*Problem to solve*. Each entry that follows should be written again verbatim.

Records from a data collection
*-*-*

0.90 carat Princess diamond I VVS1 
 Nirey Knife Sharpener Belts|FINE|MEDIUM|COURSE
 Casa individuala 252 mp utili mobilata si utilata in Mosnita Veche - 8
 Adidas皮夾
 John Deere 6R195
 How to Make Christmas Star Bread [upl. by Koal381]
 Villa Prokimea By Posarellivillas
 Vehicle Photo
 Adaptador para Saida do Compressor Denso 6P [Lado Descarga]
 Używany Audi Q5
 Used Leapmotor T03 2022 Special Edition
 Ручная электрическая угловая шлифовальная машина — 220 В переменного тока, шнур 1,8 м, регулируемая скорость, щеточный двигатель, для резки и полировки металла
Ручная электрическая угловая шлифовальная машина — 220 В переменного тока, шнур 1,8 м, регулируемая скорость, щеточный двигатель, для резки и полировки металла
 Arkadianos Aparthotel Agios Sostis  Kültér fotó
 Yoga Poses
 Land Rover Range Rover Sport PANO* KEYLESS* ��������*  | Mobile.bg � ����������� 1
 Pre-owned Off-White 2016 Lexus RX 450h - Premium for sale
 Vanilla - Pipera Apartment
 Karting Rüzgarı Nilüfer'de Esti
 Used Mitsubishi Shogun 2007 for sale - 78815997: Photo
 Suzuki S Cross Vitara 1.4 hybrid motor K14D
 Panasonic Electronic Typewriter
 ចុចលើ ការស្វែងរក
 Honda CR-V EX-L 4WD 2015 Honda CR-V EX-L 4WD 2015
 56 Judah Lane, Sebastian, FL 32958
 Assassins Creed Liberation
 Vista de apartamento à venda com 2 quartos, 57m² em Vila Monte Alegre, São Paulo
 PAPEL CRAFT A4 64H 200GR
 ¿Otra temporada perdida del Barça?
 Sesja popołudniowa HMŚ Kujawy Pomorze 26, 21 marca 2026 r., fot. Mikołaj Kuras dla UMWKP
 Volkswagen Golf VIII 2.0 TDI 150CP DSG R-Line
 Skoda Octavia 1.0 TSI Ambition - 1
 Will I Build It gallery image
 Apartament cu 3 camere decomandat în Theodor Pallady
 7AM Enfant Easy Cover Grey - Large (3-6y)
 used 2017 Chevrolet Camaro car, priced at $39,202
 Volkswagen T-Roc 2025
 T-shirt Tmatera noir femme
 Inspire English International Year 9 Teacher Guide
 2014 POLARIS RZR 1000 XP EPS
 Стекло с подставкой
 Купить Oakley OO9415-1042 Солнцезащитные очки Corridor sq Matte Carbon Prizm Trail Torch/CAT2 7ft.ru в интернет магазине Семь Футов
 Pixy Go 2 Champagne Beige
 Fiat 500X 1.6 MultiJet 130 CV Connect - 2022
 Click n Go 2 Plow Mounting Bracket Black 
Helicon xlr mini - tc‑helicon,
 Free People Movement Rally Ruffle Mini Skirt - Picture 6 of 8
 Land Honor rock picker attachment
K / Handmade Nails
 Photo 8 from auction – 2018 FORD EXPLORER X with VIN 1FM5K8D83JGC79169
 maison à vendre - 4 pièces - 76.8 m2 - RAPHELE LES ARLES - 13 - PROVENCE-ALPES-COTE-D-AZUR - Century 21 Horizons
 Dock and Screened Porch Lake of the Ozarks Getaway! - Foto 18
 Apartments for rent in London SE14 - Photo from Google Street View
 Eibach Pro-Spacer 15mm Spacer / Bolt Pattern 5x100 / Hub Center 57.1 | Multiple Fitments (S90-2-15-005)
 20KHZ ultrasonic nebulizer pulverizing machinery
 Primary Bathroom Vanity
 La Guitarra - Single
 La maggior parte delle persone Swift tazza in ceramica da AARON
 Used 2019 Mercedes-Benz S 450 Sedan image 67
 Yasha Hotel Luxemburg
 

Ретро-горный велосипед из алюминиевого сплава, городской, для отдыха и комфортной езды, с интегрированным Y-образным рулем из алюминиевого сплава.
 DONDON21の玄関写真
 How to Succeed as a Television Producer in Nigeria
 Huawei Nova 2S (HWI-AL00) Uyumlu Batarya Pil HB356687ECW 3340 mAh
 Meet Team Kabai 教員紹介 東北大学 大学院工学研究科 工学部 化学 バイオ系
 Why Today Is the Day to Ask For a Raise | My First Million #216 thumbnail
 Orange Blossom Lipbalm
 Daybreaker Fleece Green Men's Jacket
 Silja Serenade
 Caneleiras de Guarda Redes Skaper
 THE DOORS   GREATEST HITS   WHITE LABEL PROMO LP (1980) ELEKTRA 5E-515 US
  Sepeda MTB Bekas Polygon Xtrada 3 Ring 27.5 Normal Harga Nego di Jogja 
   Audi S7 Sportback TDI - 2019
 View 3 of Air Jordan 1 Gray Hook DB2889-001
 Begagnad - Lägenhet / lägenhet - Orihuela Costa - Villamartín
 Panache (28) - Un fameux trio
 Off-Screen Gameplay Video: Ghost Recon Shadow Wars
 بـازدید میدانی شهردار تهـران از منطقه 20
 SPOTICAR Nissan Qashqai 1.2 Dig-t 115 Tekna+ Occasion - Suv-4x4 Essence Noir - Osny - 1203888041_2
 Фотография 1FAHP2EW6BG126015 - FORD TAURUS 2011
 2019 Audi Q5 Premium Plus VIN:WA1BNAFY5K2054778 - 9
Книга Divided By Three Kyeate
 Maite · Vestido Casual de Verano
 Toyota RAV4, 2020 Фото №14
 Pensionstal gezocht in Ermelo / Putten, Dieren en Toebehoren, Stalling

*-*-*

*Exercise solution*.
0.90 carat Princess diamond I VVS1 
 Nirey Knife Sharpener Belts|FINE|MEDIUM|COURSE
 Casa individuala 252 mp utili mobilata si utilata in Mosnita Veche - 8
 Adidas皮夾
 John Deere 6R195
 How to Make Christmas Star Bread [upl. by Koal381]
 Villa Prokimea By Posarellivillas
 Vehicle Photo
 Adaptador para Saida do Compressor Denso 6P [Lado Descarga]
 Używany Audi Q5
 Used Leapmotor T03 2022 Special Edition
 Ручная электрическая угловая шлифовальная машина — 220 В переменного тока, шнур 1,8 м, регулируемая скорость, щеточный двигатель, для резки и полировки металла
Ручная электрическая угловая шлифовальная машина — 220 В переменного тока, шнур 1,8 м, регулируемая скорость, щеточный двигатель, для резки и полировки металла
 Arkadianos Aparthotel Agios Sostis  Kültér fotó
 Yoga Poses
 Land Rover Range Rover Sport PANO* KEYLESS* ��������*  | Mobile.bg � ����������� 1
 Pre-owned Off-White 2016 Lexus RX 450h - Premium for sale
 Vanilla - Pipera Apartment
 Karting Rüzgarı Nilüfer'de Esti
 Used Mitsubishi Shogun 2007 for sale - 78815997: Photo
 Suzuki S Cross Vitara 1.4 hybrid motor K14D
 Panasonic Electronic Typewriter
 ចុចលើ ការស្វែងរក
 Honda CR-V EX-L 4WD 2015 Honda CR-V EX-L 4WD 2015
 56 Judah Lane, Sebastian, FL 32958
 Assassins Creed Liberation
 Vista de apartamento à venda com 2 quartos, 57m² em Vila Monte Alegre, São Paulo
 PAPEL CRAFT A4 64H 200GR
 ¿Otra temporada perdida del Barça?
 Sesja popołudniowa HMŚ Kujawy Pomorze 26, 21 marca 2026 r., fot. Mikołaj Kuras dla UMWKP
 Volkswagen Golf VIII 2.0 TDI 150CP DSG R-Line
 Skoda Octavia 1.0 TSI Ambition - 1
 Will I Build It gallery image
 Apartament cu 3 camere decomandat în Theodor Pallady
 7AM Enfant Easy Cover Grey - Large (3-6y)
 used 2017 Chevrolet Camaro car, priced at $39,202
 Volkswagen T-Roc 2025
 T-shirt Tmatera noir femme
 Inspire English International Year 9 Teacher Guide
 2014 POLARIS RZR 1000 XP EPS
 Стекло с подставкой
 Купить Oakley OO9415-1042 Солнцезащитные очки Corridor sq Matte Carbon Prizm Trail Torch/CAT2 7ft.ru в интернет магазине Семь Футов
 Pixy Go 2 Champagne Beige
 Fiat 500X 1.6 MultiJet 130 CV Connect - 2022
 Click n Go 2 Plow Mounting Bracket Black 
Helicon xlr mini - tc‑helicon,
 Free People Movement Rally Ruffle Mini Skirt - Picture 6 of 8
 Land Honor rock picker attachment
K / Handmade Nails
 Photo 8 from auction – 2018 FORD EXPLORER X with VIN 1FM5K8D83JGC79169
 maison à vendre - 4 pièces - 76.8 m2 - RAPHELE LES ARLES - 13 - PROVENCE-ALPES-COTE-D-AZUR - Century 21 Horizons
 Dock and Screened Porch Lake of the Ozarks Getaway! - Foto 18
 Apartments for rent in London SE14 - Photo from Google Street View
 Eibach Pro-Spacer 15mm Spacer / Bolt Pattern 5x100 / Hub Center 57.1 | Multiple Fitments (S90-2-15-005)
 20KHZ ultrasonic nebulizer pulverizing machinery
 Primary Bathroom Vanity
 La Guitarra - Single
 La maggior parte delle persone Swift tazza in ceramica da AARON
 Used 2019 Mercedes-Benz S 450 Sedan image 67
 Yasha Hotel Luxemburg
 

Ретро-горный велосипед из алюминиевого сплава, городской, для отдыха и комфортной езды, с интегрированным Y-образным рулем из алюминиевого сплава.
 DONDON21の玄関写真
 How to Succeed as a Television Producer in Nigeria
 Huawei Nova 2S (HWI-AL00) Uyumlu Batarya Pil HB356687ECW 3340 mAh
 Meet Team Kabai 教員紹介 東北大学 大学院工学研究科 工学部 化学 バイオ系
 Why Today Is the Day to Ask For a Raise | My First Million #216 thumbnail
 Orange Blossom Lipbalm
 Daybreaker Fleece Green Men's Jacket
 Silja Serenade
 Caneleiras de Guarda Redes Skaper
 THE DOORS   GREATEST HITS   WHITE LABEL PROMO LP (1980) ELEKTRA 5E-515 US
  Sepeda MTB Bekas Polygon Xtrada 3 Ring 27.5 Normal Harga Nego di Jogja 
   Audi S7 Sportback TDI - 2019
 View 3 of Air Jordan 1 Gray Hook DB2889-001
 Begagnad - Lägenhet / lägenhet - Orihuela Costa - Villamartín
 Panache (28) - Un fameux trio
 Off-Screen Gameplay Video: Ghost Recon Shadow Wars
 بـازدید میدانی شهردار تهـران از منطقه 20
 SPOTICAR Nissan Qashqai 1.2 Dig-t 115 Tekna+ Occasion - Suv-4x4 Essence Noir - Osny - 1203888041_2
 Фотография 1FAHP2EW6BG126015 - FORD TAURUS 2011
 2019 Audi Q5 Premium Plus VIN:WA1BNAFY5K2054778 - 9
Книга Divided By Three Kyeate
 Maite · Vestido Casual de Verano
 Toyota RAV4, 2020 Фото №14
 Pensionstal gezocht in Ermelo / Putten, Dieren en Toebehoren, Stalling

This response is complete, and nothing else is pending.